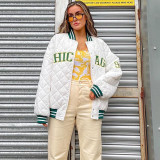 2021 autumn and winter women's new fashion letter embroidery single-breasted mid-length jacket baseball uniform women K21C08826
.....
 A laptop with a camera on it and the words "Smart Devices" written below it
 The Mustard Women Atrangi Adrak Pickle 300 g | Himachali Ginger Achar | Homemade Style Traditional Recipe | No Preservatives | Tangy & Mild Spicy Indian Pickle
.....
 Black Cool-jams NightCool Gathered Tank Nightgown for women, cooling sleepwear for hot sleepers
.....
The lines above from the one containing "A laptop with" through the one containing "The Mustard Women" are to be set down exactly, and no others.

Task output
 A laptop with a camera on it and the words "Smart Devices" written below it
 The Mustard Women Atrangi Adrak Pickle 300 g | Himachali Ginger Achar | Homemade Style Traditional Recipe | No Preservatives | Tangy & Mild Spicy Indian Pickle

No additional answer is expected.